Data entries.
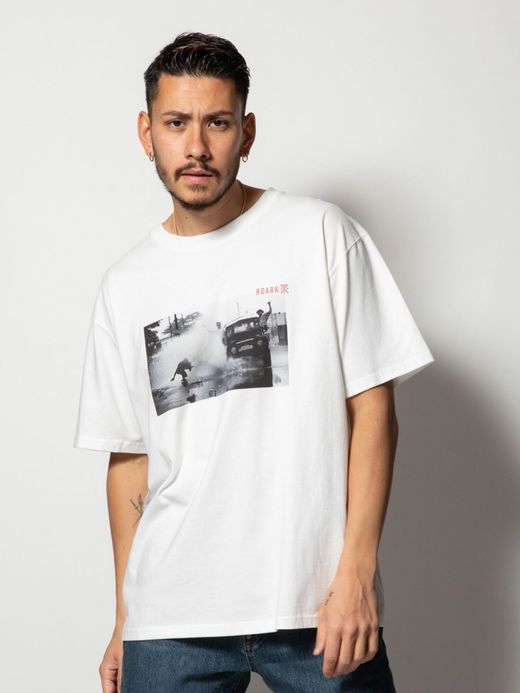 ROARK REVIVAL RTJ720 / "KINGSTON DEAD BEATS" PHOTO TEE / WHITE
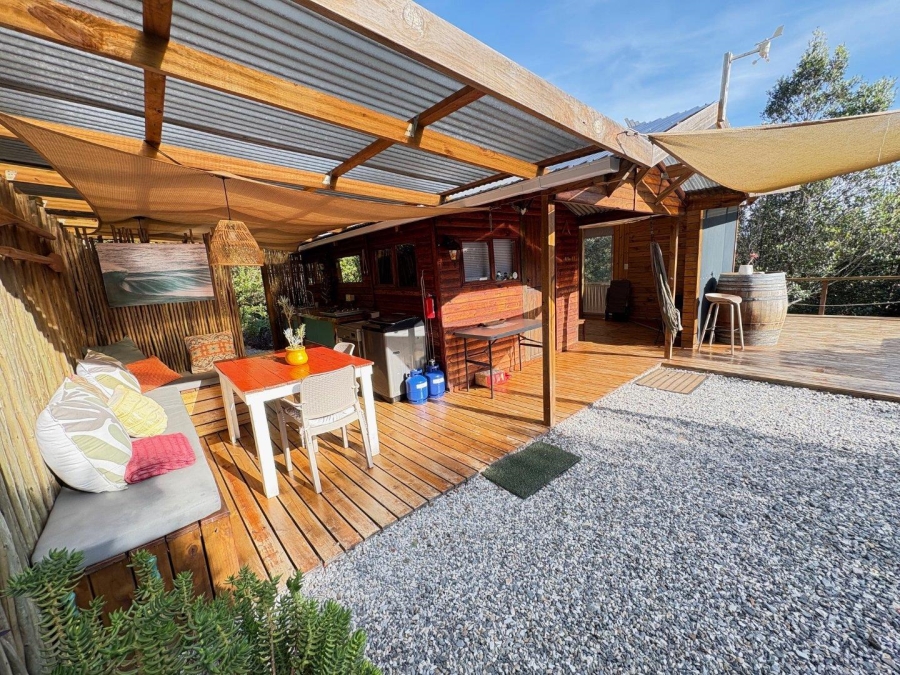 2 Bedroom Property for Sale in The Crags Western Cape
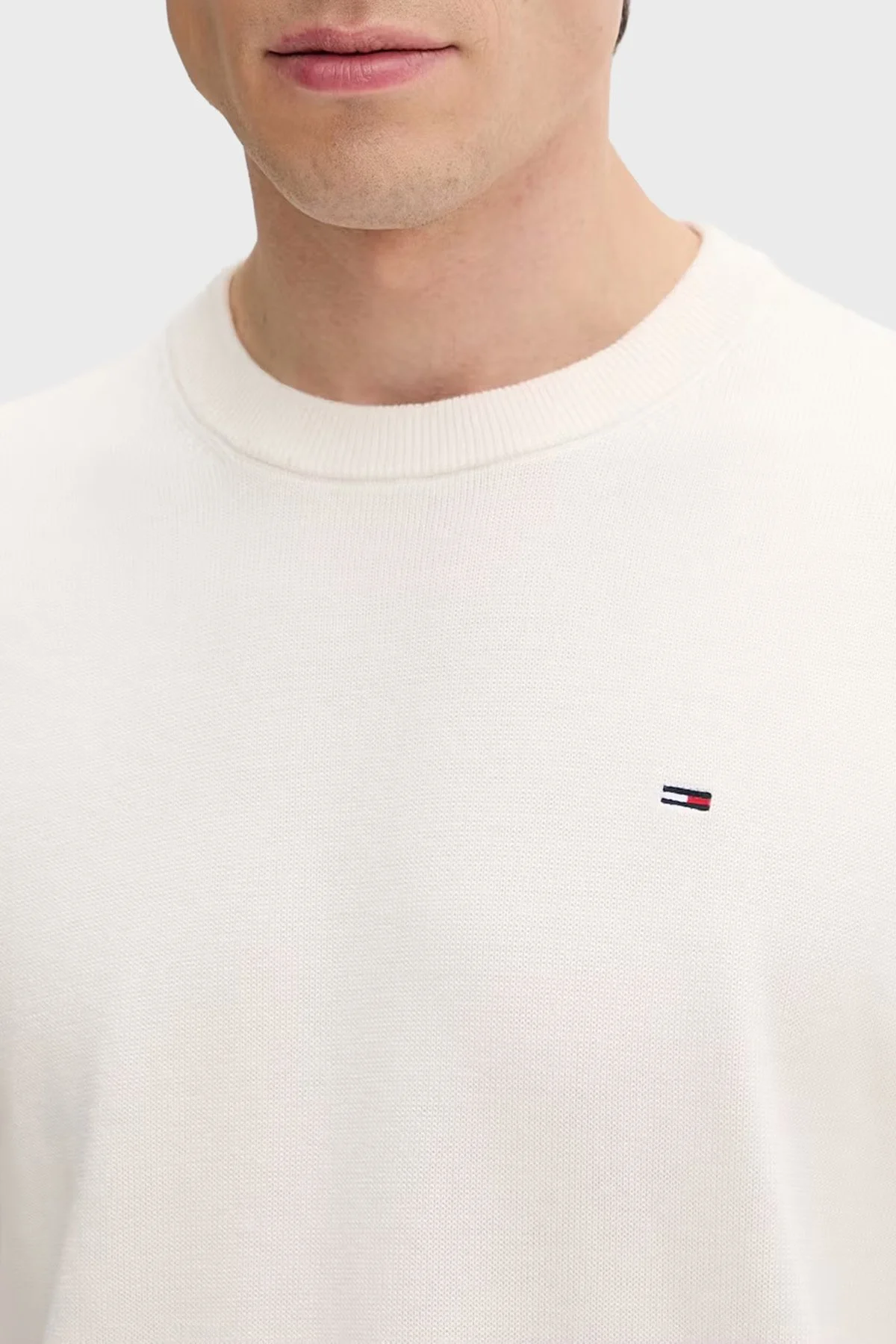 Tommy Jeans Pamuklu Regular Fit Bisiklet Yaka Erkek Kazak DM0DM22853 YBH Beyaz - 4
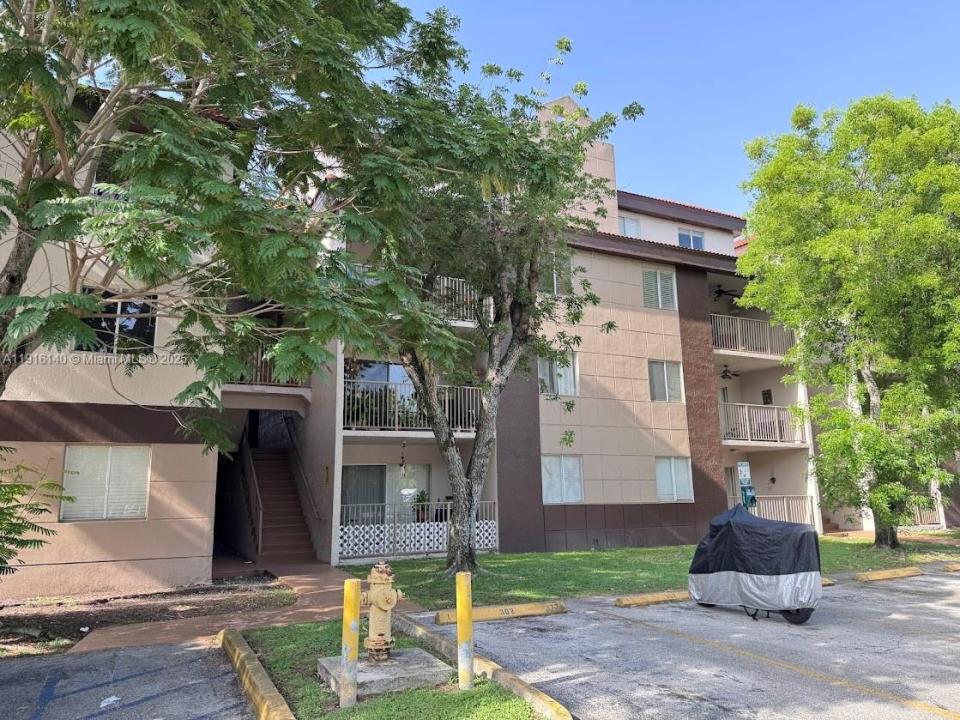 15241 SW 80th St 207, Miami, Florida 33193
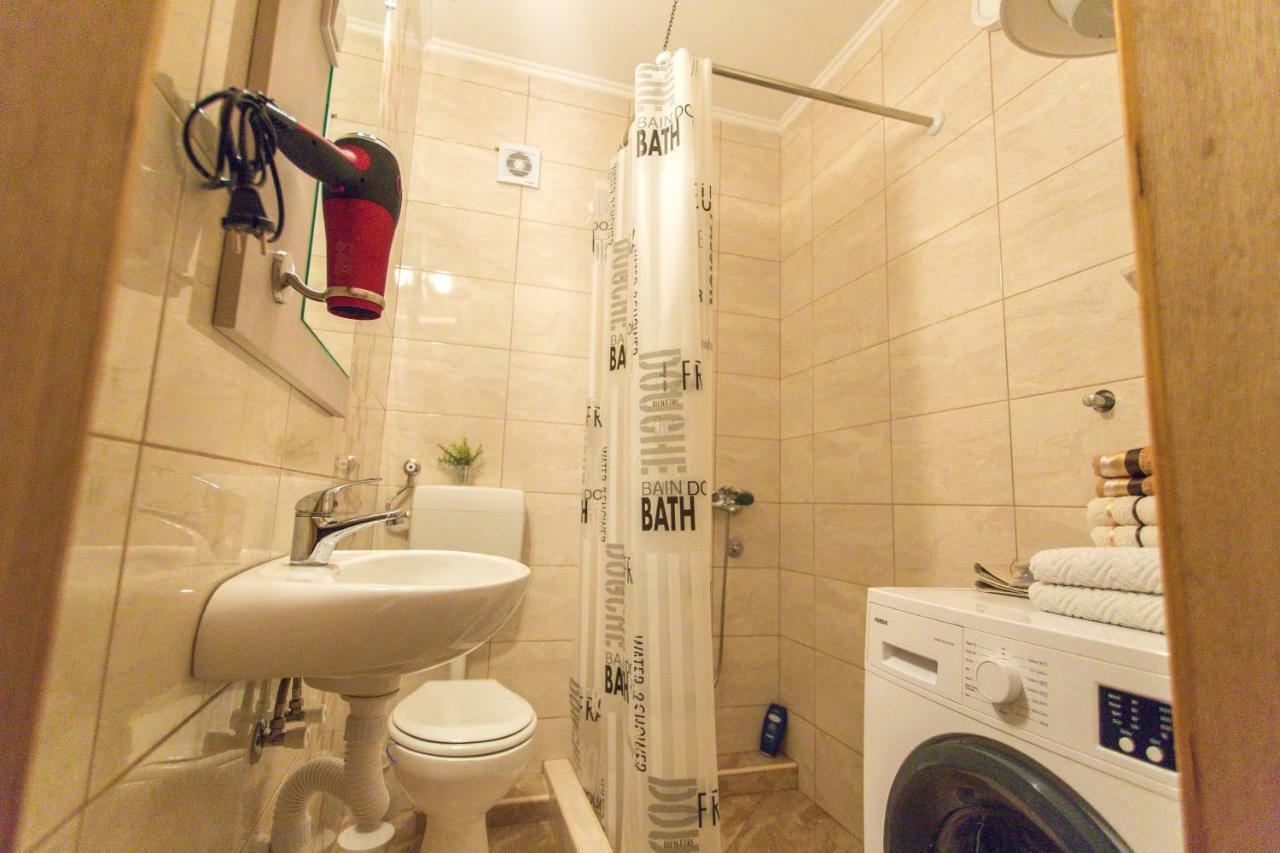 St Duke Apartment โกตอร์ ภายนอก รูปภาพ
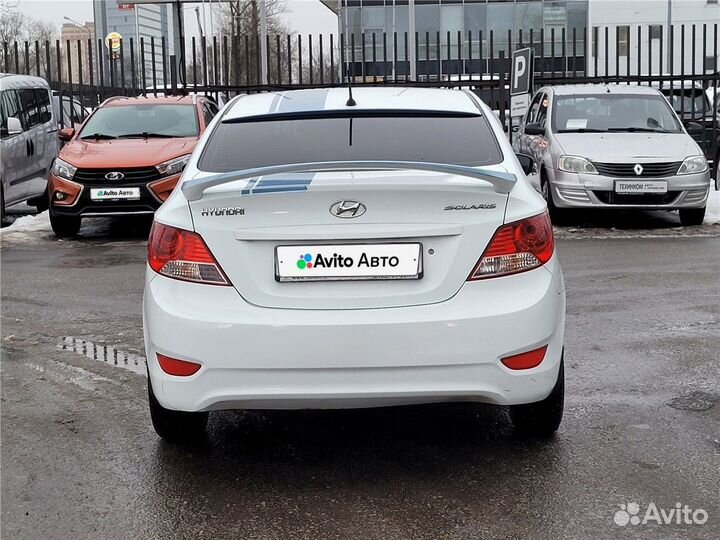 Hyundai Solaris 1.4 AT, 2011, 98 000 км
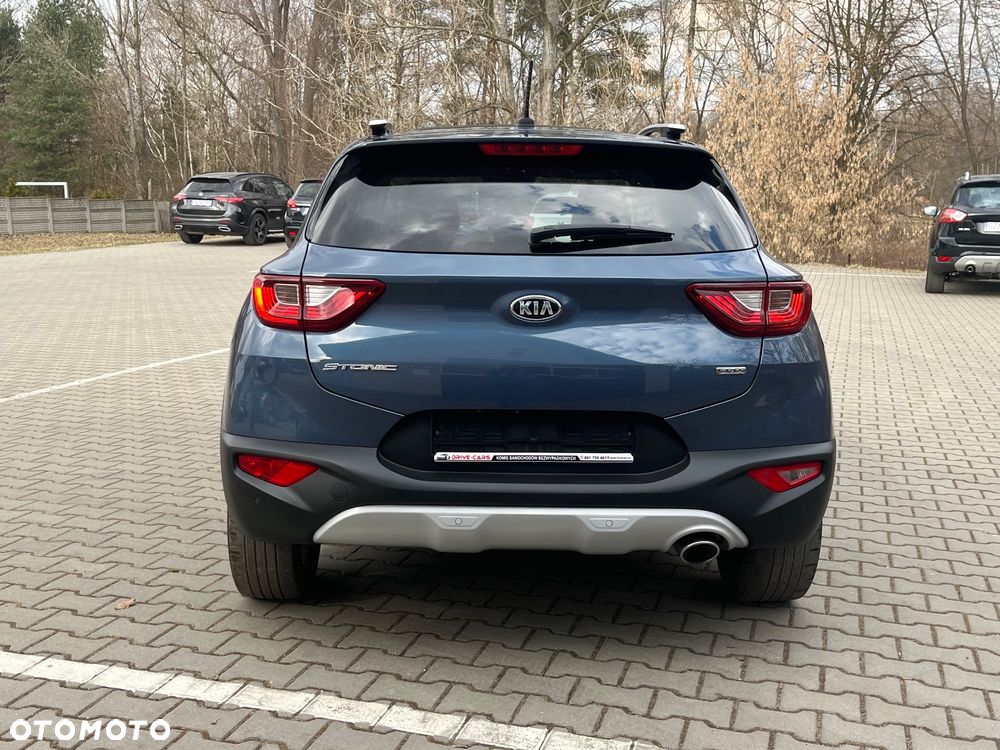 Kia Stonic - 24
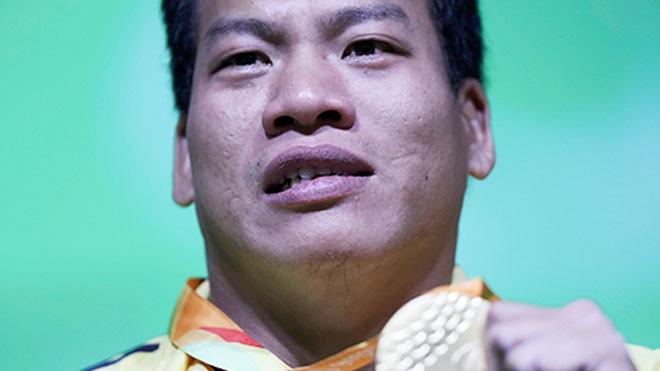 Lê Văn Công với chiếc HC vàng Paralympic đầu tiên trong lịch sử thể thao Việt Nam. Ảnh: Reuters.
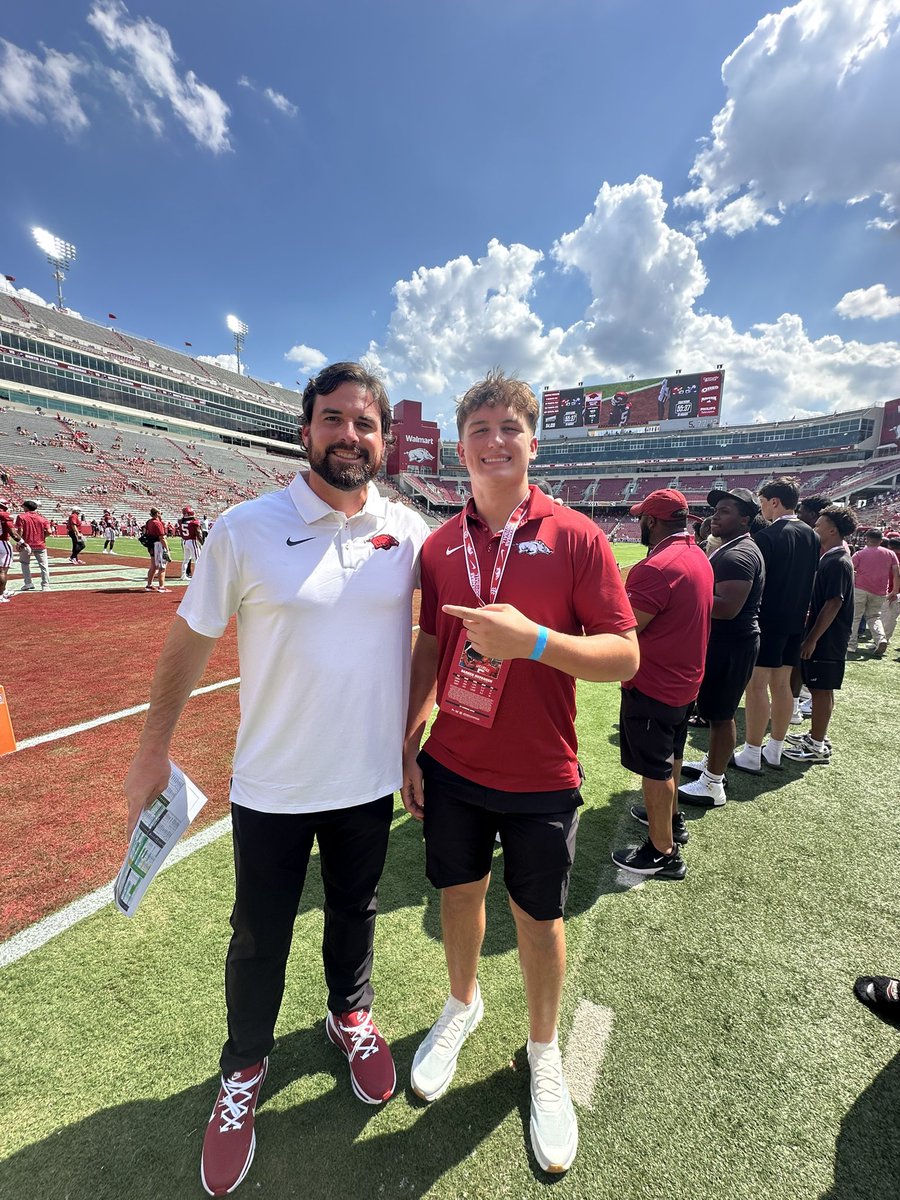 KiptynBrakebill's tweet photo. Man it’s been a busy month! Thank you to Arkansas Football for inviting me to an unofficial game day visit! It was a great day to watch the hogs! @coachcgibbs @joshmills3231 @jsbrown6 @CoachBreyCook @RazorbackFB @RSilverfield https://t.co/MMQG21WiIi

PROBLEM STATEMENT. Your answer must be the lines from the one holding "Lê Văn Công" through the final line of the records above, exactly as written and without any pictures.

ANSWER.
 Lê Văn Công với chiếc HC vàng Paralympic đầu tiên trong lịch sử thể thao Việt Nam. Ảnh: Reuters.
 KiptynBrakebill's tweet photo. Man it’s been a busy month! Thank you to Arkansas Football for inviting me to an unofficial game day visit! It was a great day to watch the hogs! @coachcgibbs @joshmills3231 @jsbrown6 @CoachBreyCook @RazorbackFB @RSilverfield https://t.co/MMQG21WiIi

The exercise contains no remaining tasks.